◆ Task statement: Below are records to repeat exactly. Omit the pictures from the copy.

+++ Data extract +++

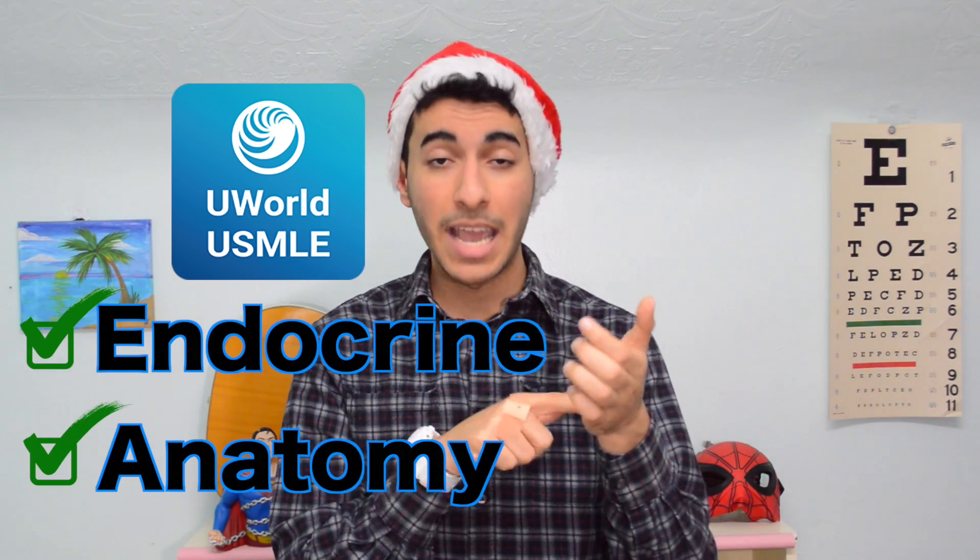In the evening, do five questions on the same subject — endocrine anatomy — and again mark the questions you got wrong. Then go to sleep or do everything else you want to do. Wake up the next morning, open the uWorld app, and type in endocrine anatomy marked questions only. You just saw them all yesterday so they're fresh in your mind.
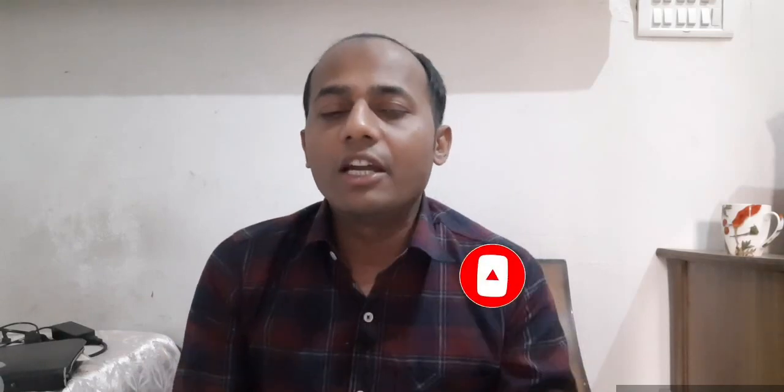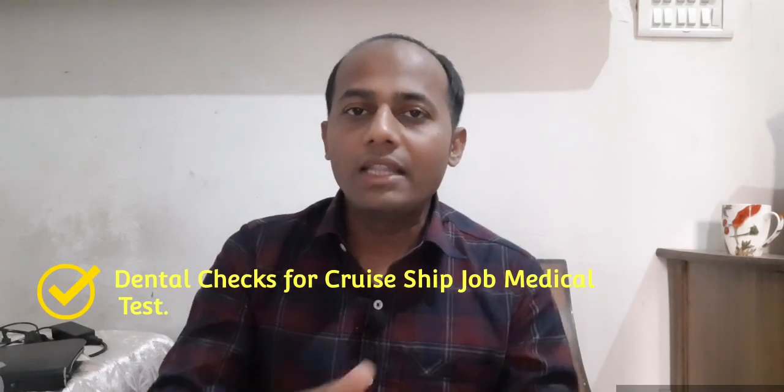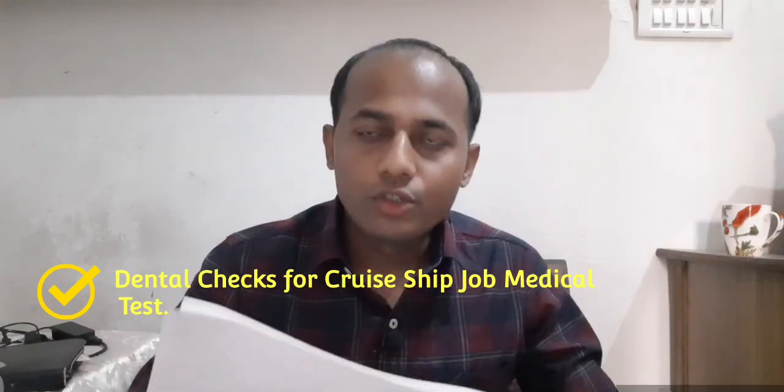Today I'm going to talk about the dental check if you want to join a cruise ship job — what all they're going to include and what they're going to check in your medical. I have my medical here — this is a recent medical — and I'm going to show you what they check in the dental section. It's basically a dental and oral health checkup, and they're going to certify you on examination of the oral cavity.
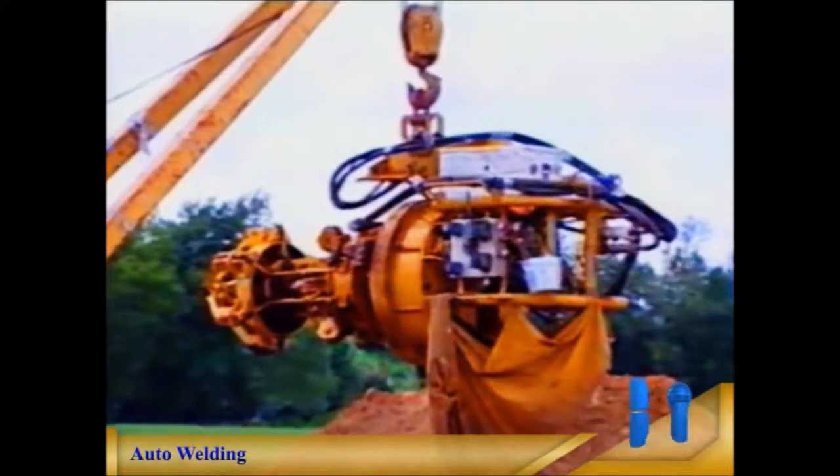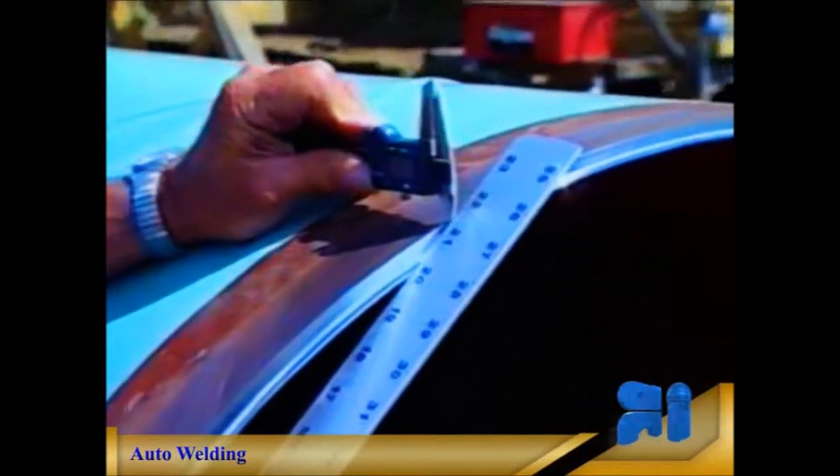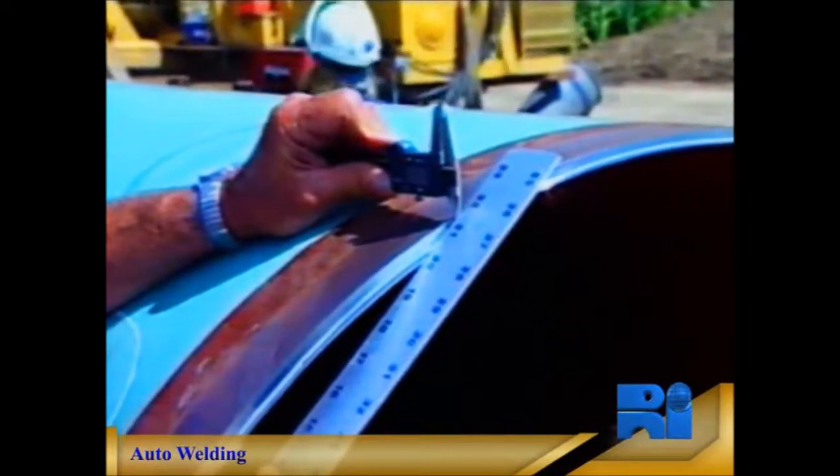Raymond's automated welding process uses state-of-the-art equipment and techniques. These welding systems are versatile and robust, allowing high production rates with a very low repair rate. This results in lower costs per weld.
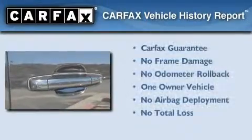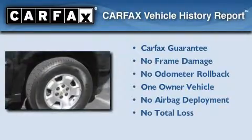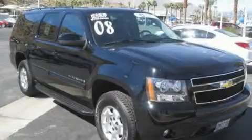This Chevrolet has had only one owner, and it qualifies for the Carfax buy-back guarantee. This vehicle won't last long at this price. Call and arrange a test drive now.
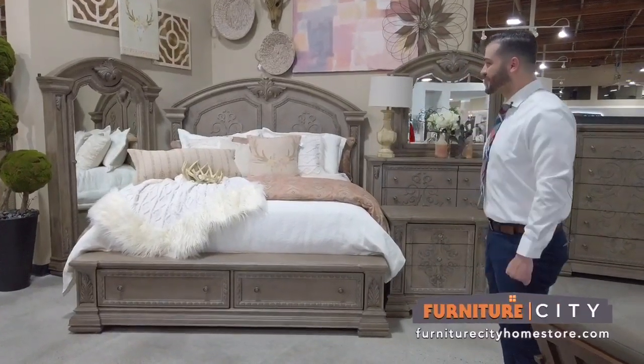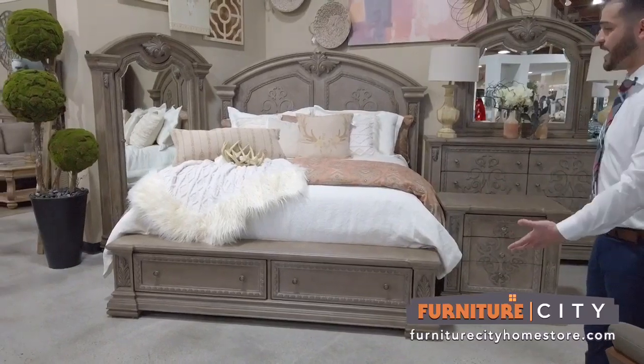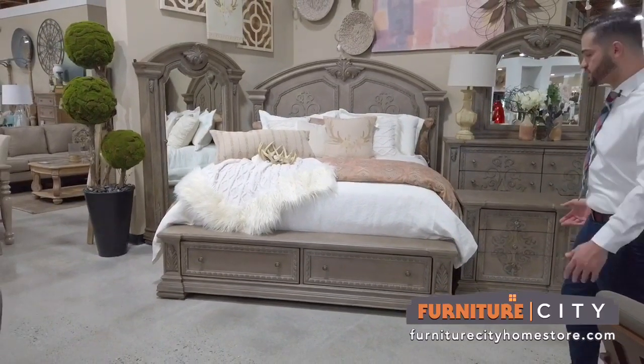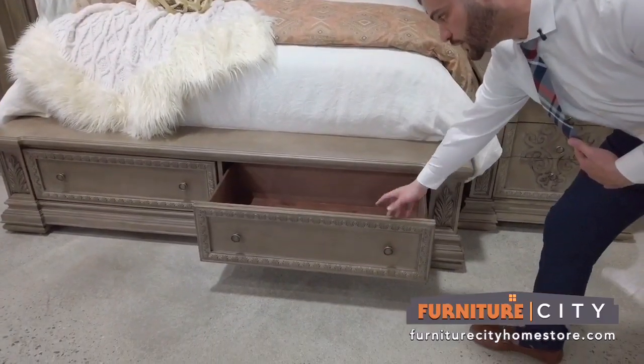Most of our beds here on the showroom come in Queen, King, and Cal King. This is one of the most beautiful beds we have here on our floor, with a lot of hidden features like extra storage here on the bottom that is always useful, and cedar wood.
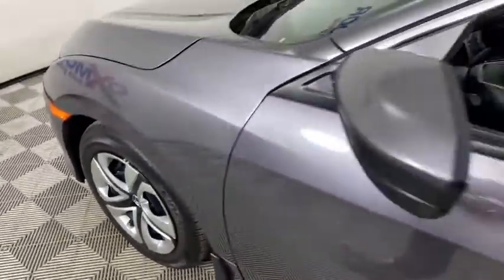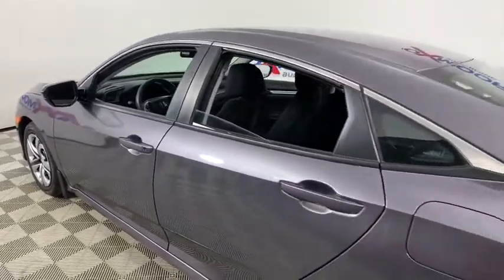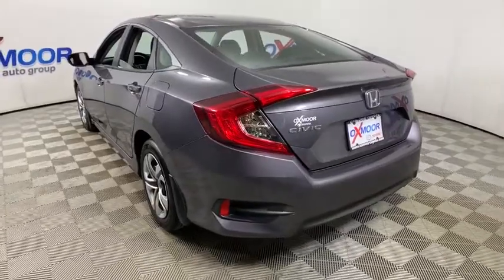Take a ride in the 2017 Honda Civic — practical, with awesome gas mileage and incredibly reliable. This vehicle has less than 25,000 miles.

+++

◆ Reply to the exercise:
In the evening, do five questions on the same subject — endocrine anatomy — and again mark the questions you got wrong. Then go to sleep or do everything else you want to do. Wake up the next morning, open the uWorld app, and type in endocrine anatomy marked questions only. You just saw them all yesterday so they're fresh in your mind.
Today I'm going to talk about the dental check if you want to join a cruise ship job — what all they're going to include and what they're going to check in your medical. I have my medical here — this is a recent medical — and I'm going to show you what they check in the dental section. It's basically a dental and oral health checkup, and they're going to certify you on examination of the oral cavity.
Raymond's automated welding process uses state-of-the-art equipment and techniques. These welding systems are versatile and robust, allowing high production rates with a very low repair rate. This results in lower costs per weld.
This Chevrolet has had only one owner, and it qualifies for the Carfax buy-back guarantee. This vehicle won't last long at this price. Call and arrange a test drive now.
Most of our beds here on the showroom come in Queen, King, and Cal King. This is one of the most beautiful beds we have here on our floor, with a lot of hidden features like extra storage here on the bottom that is always useful, and cedar wood.
Take a ride in the 2017 Honda Civic — practical, with awesome gas mileage and incredibly reliable. This vehicle has less than 25,000 miles.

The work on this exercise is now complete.